Saliente-se, oportunamente, que Kelsen criticou as teses que se inspiraram na doutrina de Montesquieu e defendeu a atividade interpretativa do juiz como um ato complexo em que se conjugam conhecimento e vontade, criação e aplicação da lei, isto é, pensou a norma como um marco aberto de possibilidades: o juiz conhece a multiplicidade de opções que ela lhe oferece para, então, dar conteúdo à sua sentença e cria uma solução ad hoc, na medida em que escolhe uma de tais opções.
De outro lado, Luis Recaséns Siches entendeu que, no reino da vida humana, não se pode aplicar a lógica do racional (matemática), mas outra bem diversa: a lógica do razoável.
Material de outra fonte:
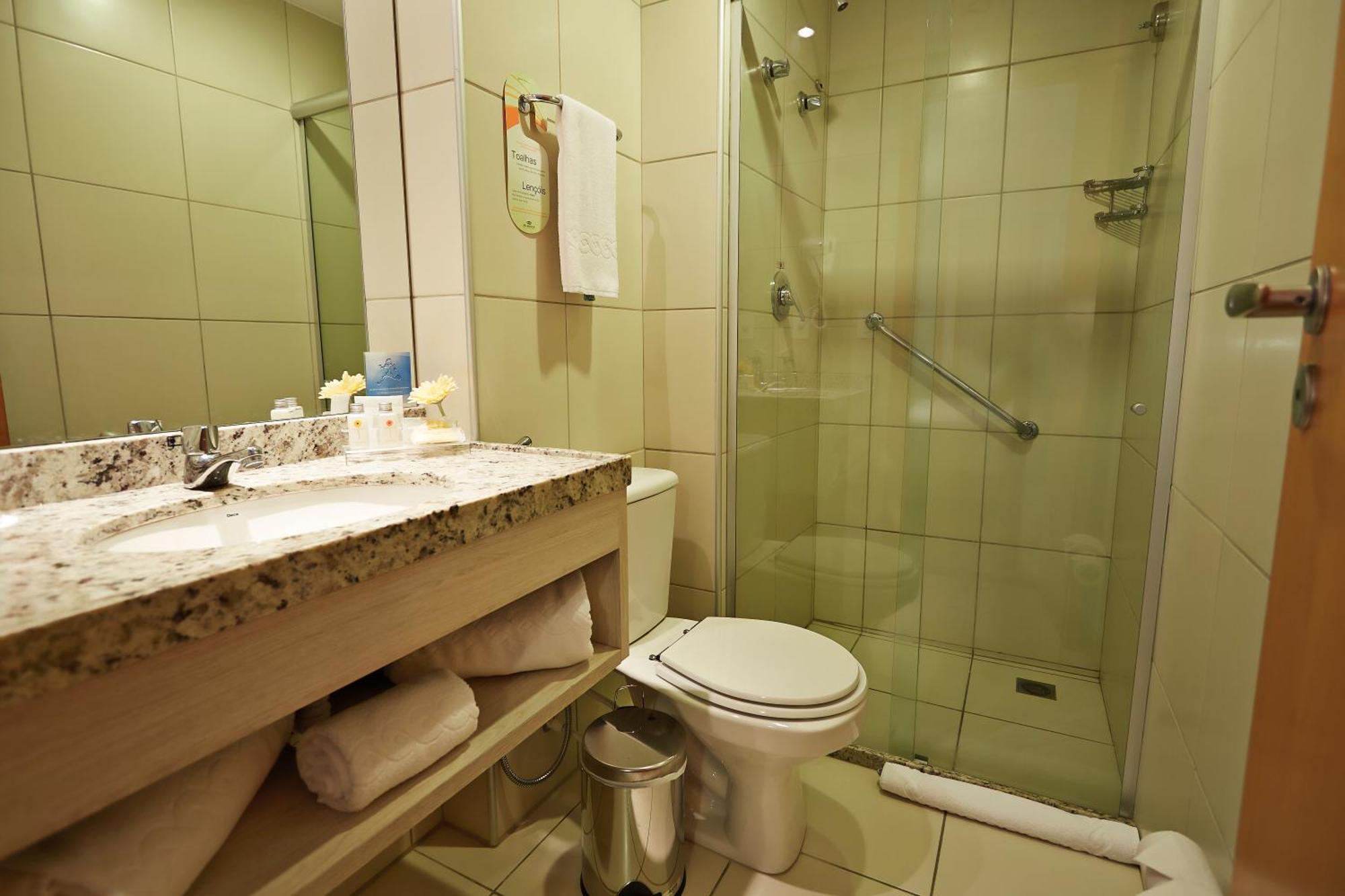 Comfort Hotel & Suites Natal Zewnętrze zdjęcie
Esta não seria mais um método de interpretação a ser somado aos demais. Para o jusfilósofo, a lógica do razoável seria o único método de interpretação jurídica, eis que superaria uma multiplicidade de procedimentos hermenêuticos equivocados e confusos.
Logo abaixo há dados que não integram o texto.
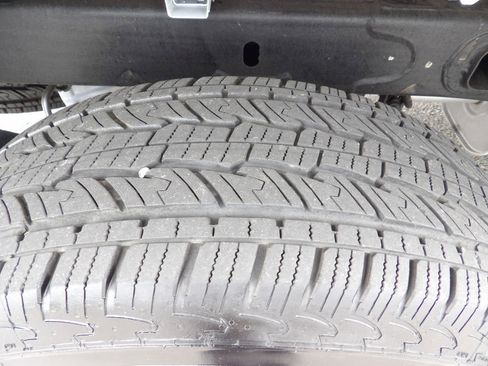 Used 2024 Chevrolet Silverado 1500 W/T w/ WT Fleet Convenience Package RWD image 48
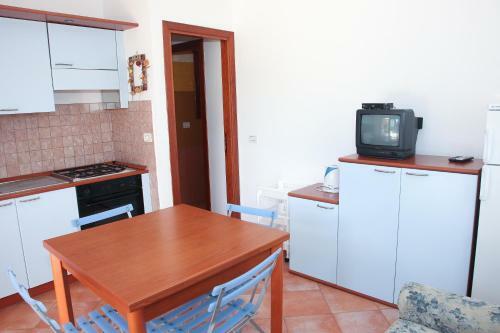 Apartamento A.i.r. Isola Rossa Borgo Di Mare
Em verdade, a lógica do razoável seria a única capaz de levar em conta critérios valorativos - axiológicos e que, portanto, se mostraria válida quando se deve compreender e interpretar, de maneira justa, o conteúdo dos dispositivos jurídicos. A fim de ilustrar sua teoria, Recaséns Siches invoca a disputa judicial entre Ida White e os herdeiros de Wesley Moore[10].
A lógica do razoável, portanto, continua permeando as decisões contemporâneas, sendo base de diversos raciocínios jurídicos, exatamente por permitir ao julgador realizar o valor da justiça, sem esquecer-se do ordenamento jurídico vigente.
Siches, por meio da lógica do razoável, propôs uma dinâmica contrária àquela então predominante, da utilização da lógica-matemática para a aplicação das normas jurídicas. No entanto, não excluiu essa lógica formal, mas a empregou para desenvolver o enquadramento da razoabilidade, tanto pelo legislador, quanto pelo julgador, na ocasião da interpretação da norma.
Sua contribuição para a Ciência do Direito foi justamente aproximá-la mais da Filosofia Jurídica, na medida em que trouxe os valores inerentes ao ser humano, especialmente aqueles relacionados à justiça, para serem aplicados pelo julgador. A necessidade de respeito ao Direito posto em conjunto a uma maior eficiência na sua aplicação exigia essa junção não apenas no plano teórico, mas também no plano prático.
Observa-se, nesse sentido, que Siches[11] partiu da premissa de que o Direito é um sistema dinâmico e que, portanto, está em constante contato com aspectos sociológicos, econômicos, psicológicos, dentre outros, da sociedade na qual se insere, para, então, concluir que a prudência e a razoabilidade devem pautar as decisões do julgador, de forma a possibilitar o alcance da justiça.
É exatamente diante desse contexto que a finalidade da norma, considerando a realidade concreta do caso e todas as suas demais peculiaridades, será, de fato, obtida. Ao julgador, será facultada a realização da justiça almejada pelo legislador quando da elaboração da regra em questão, já que, a este, não cabe abarcar todas as minúcias das situações fáticas.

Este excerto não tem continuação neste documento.